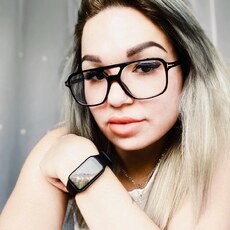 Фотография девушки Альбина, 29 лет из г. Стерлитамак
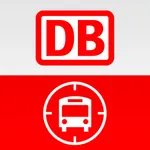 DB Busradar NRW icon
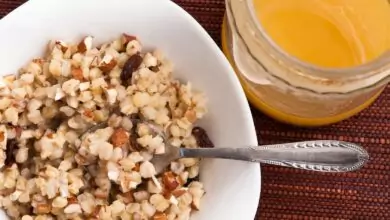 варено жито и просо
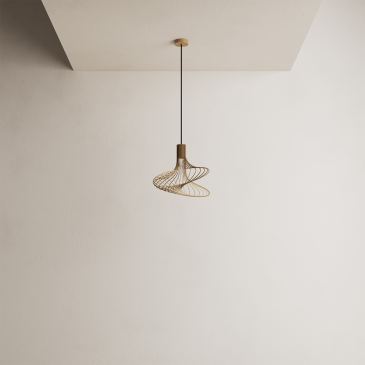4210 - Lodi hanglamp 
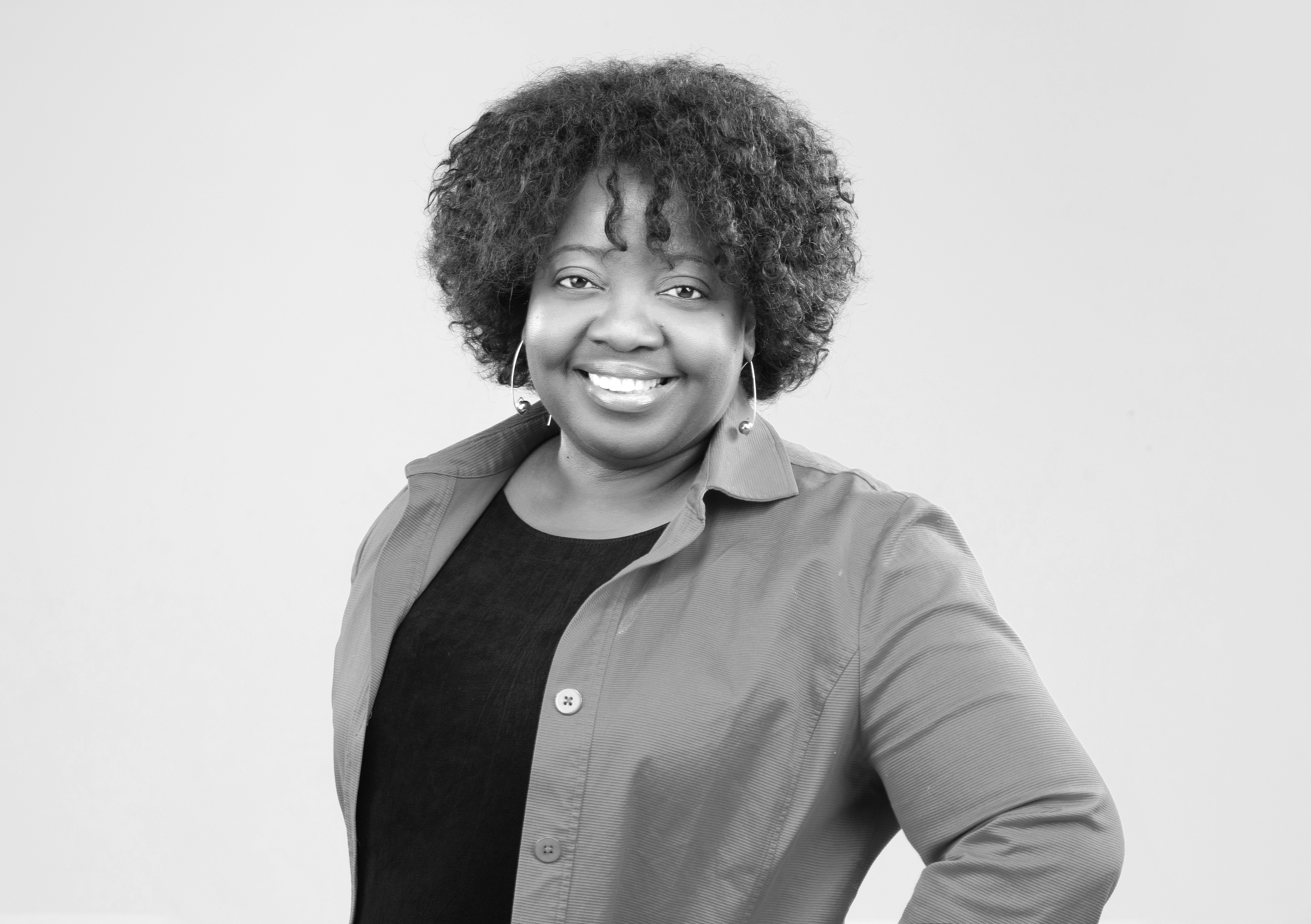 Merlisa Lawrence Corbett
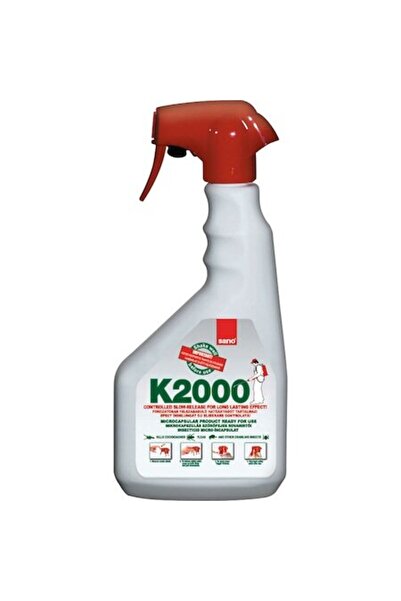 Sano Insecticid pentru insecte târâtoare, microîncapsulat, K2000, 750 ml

○ ○ ○ ○ ○

### TASK DETAILS
The records above should be returned word for word, with every picture left out.

### RESULT
 Фотография девушки Альбина, 29 лет из г. Стерлитамак
 DB Busradar NRW icon
 варено жито и просо
4210 - Lodi hanglamp 
 Merlisa Lawrence Corbett
 Sano Insecticid pentru insecte târâtoare, microîncapsulat, K2000, 750 ml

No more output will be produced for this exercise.